Wait, I thought of a better metaphor: Time and money are both like twin blue whales, hunted with the barbed harpoon of my jobs. Eh, kinda juvenile. Whatevs. I have no time or money! But back to my original point (I'll have you know that I just read about whales for an hour online because that is what I do. I innocently think about a topic and, enabled by the internet, I interrupt what I was doing and thinking and writing to read about random crap, like blue whales.) But yeah being sober has provided me with marginally more of each (time and money haha, you guys I am such a GOOD WRITER). Yesterday I reorganized my kitchen and my bathroom, I cleaned my apartment and decluttered a huge section of my life. No small feat for someone descended from pack rats.

And while all that sounds positively life affirming, being sober did absolutely nothing to prevent the following situation from happening to me.

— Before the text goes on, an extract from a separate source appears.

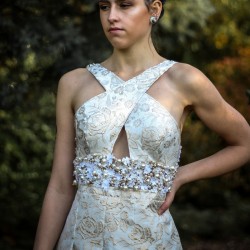 Image of the dress model wearing mini wedding dress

After clearing out my kitchen I thought, I can do it all. Today. I never vacuum my car. It is kind of gross. But yesterday, high on dumping unnecessary crap, I decided to find one of those automatic vacuums that cost $1. So after I finish vacuuming my car from top to bottom (I was too late in some spots so my car will always carry the air of unvacuumed, or AOU) I felt even better and sat back in the driver's seat, ready to go home and enjoy a nice tall glass of wine water when I realized I couldn't find my keys. Thinking they could have fallen underneath the car, between the seats, inside a shopping bag I had in my car, near the vacuum somewhere, I essentially tore apart the car looking for the keys, panic rising. I had visions of tiny car wash gnomes mischievously sneaking into my car and swiping the keys for giggles and it hurt my feelings. So I had to call my parents, like a complete loser, to bring my extra set of house and car keys. When they arrived, after staying quiet about how slow their daughter is and helping me look even further, it occurred to me that perhaps my keys, like Phil Collins before them, against all odds had been sucked up in the vacuum? I was able to pry the container open and there they were, like tiny silver gemstones in a coal mine (?)! SOBRIETY.

Monday, April 23, 2012

I Never Wore Zubaz

Some observations that have occurred to me in the last, oh let's say, three hours.

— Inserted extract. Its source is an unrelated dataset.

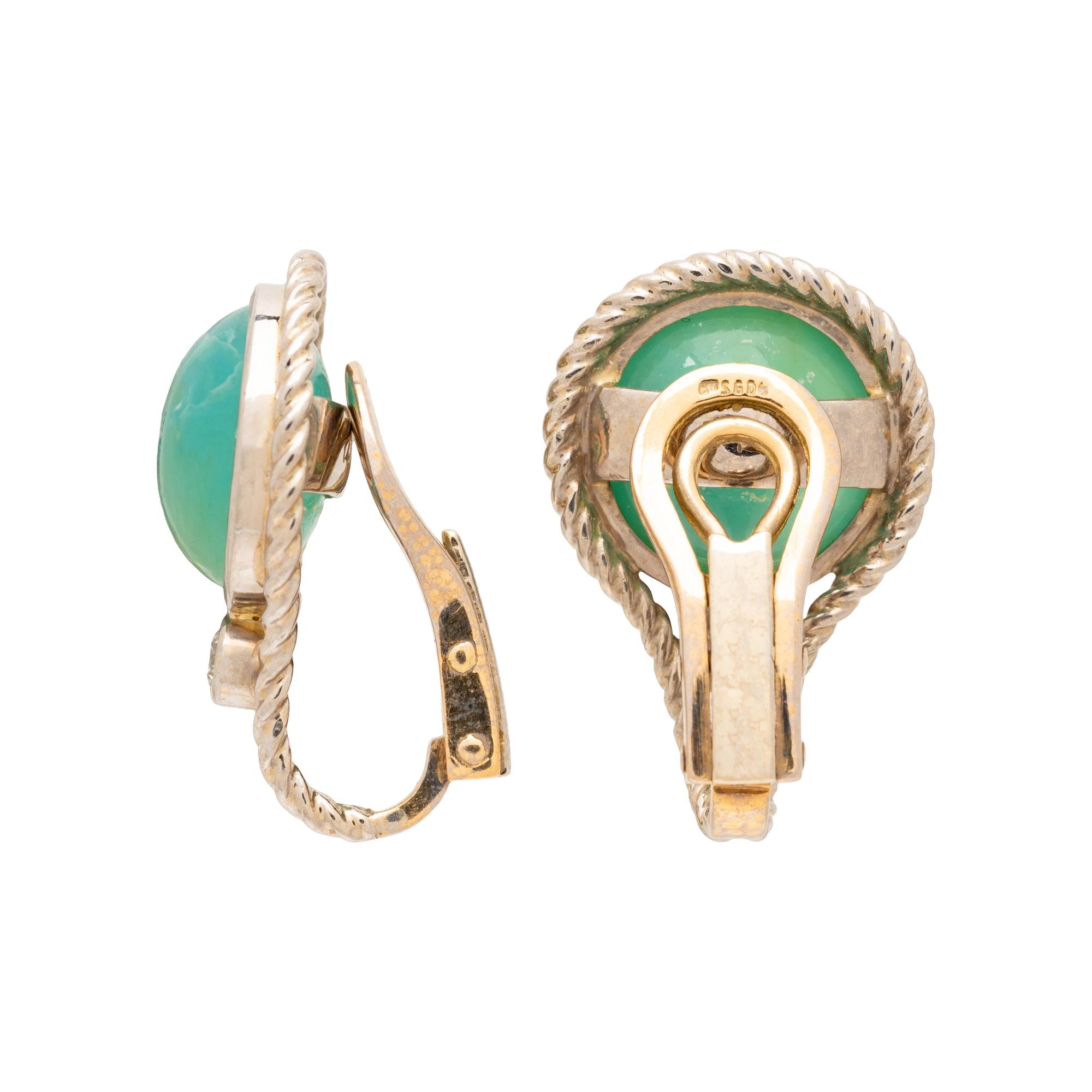 GREEN CHALCEDONY AND DIAMOND EARRINGS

1) I had some free time today in between jobs and decided to go return something and do what my grandmother and aunt used to call "taste" at the stores. In actuality that just means going from clothing store to clothing store (read: one Macy's to another) and looking around with little to no intention of buying anything and just killing a few hours. This was a rite of passage for me when I was moved up here at age 12 and I'd be lying if I said that since day one I didn't love every second of it. So sue me; I'm often a very stereotypical woman. Anyway, one store I wandered into to taste contained clothing that I can only sufficiently describe as "aggressively 80s." I'm well aware of the retro vibe that every single season carries with it. (Side note: There was a very interesting item on NPR over the weekend about the nature of nostalgia that you can (and should) read here.) Apparently, the present culture becomes obsessed with the culture that came roughly 40 years before it.  But if the cycle of pining for things every 40 years is to be believed, I wish someone could explain why I saw these in the store today:

Cue Saved By the Bell music.


Ok, maybe they were not Zubaz per se but they were very, very close. The 80s were not 40 years ago were they? And don't we all, who lived through them, always, infallibly look back at photos of us in godawful outfits and say "never again" with solemnity? This store was filled with example after example of this kind of "in your face" ugliness: cropped shirts that were jagged at the hems, neon yellow fake Ray Ban imitations, large plastic earrings. Why? I was enjoying the 90s revival that seemed to be going on recently what with leggings and vests and tunics and the Pulp reunion. But this is bananas. In addition, in all of my many versions of utopia, stores have no music playing. I do not require music to spend hours upon hours in a clothing store but somehow today's clothing stores always find the EXACT song that will make me want to leave immediately. Today the song was Rihanna. Her voice is annoying in a "I can't really sing but I'm hot" kind of way.  I remember fondly the one tape of Muzak we used to play when I worked at Barnes and Noble. It had a killer rendition of Peter Gabriel's Mercy Street that no one paid attention to because it wasn't obnxiously pounding the walls for attention. If there must be music in a store, it should be nondescript and hovering in the background, not booming in your head for hours after you leave.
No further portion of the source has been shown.